_What is being asked_:
Reproduce only the lines below from the line containing "Press-On Nail Extensions" to the line containing "Notary public wax", exactly as written, with both end lines kept. Omit the pictures.

-- Raw data follows --

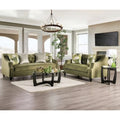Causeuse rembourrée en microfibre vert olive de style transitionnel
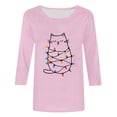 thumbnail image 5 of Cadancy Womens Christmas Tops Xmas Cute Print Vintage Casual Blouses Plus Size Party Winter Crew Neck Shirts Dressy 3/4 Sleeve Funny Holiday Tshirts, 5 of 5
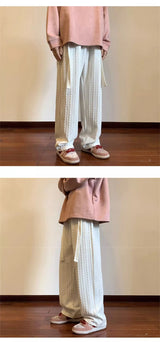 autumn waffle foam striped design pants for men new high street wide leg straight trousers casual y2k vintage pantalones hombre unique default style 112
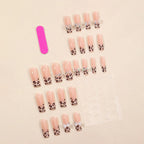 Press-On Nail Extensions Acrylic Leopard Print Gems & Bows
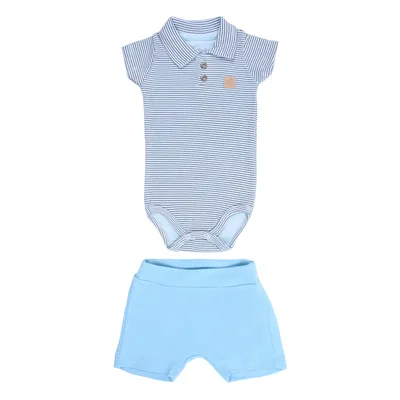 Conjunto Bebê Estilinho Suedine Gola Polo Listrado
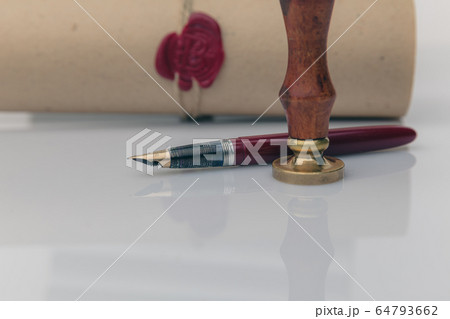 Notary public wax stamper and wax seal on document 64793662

-- Raw data concluded --
-- Raw data follows --

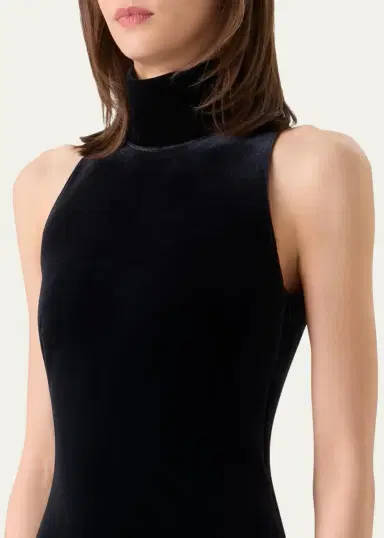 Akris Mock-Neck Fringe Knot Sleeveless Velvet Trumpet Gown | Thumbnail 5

-- Raw data concluded --

_Solution for this exercise_:
 Press-On Nail Extensions Acrylic Leopard Print Gems & Bows
 Conjunto Bebê Estilinho Suedine Gola Polo Listrado
 Notary public wax stamper and wax seal on document 64793662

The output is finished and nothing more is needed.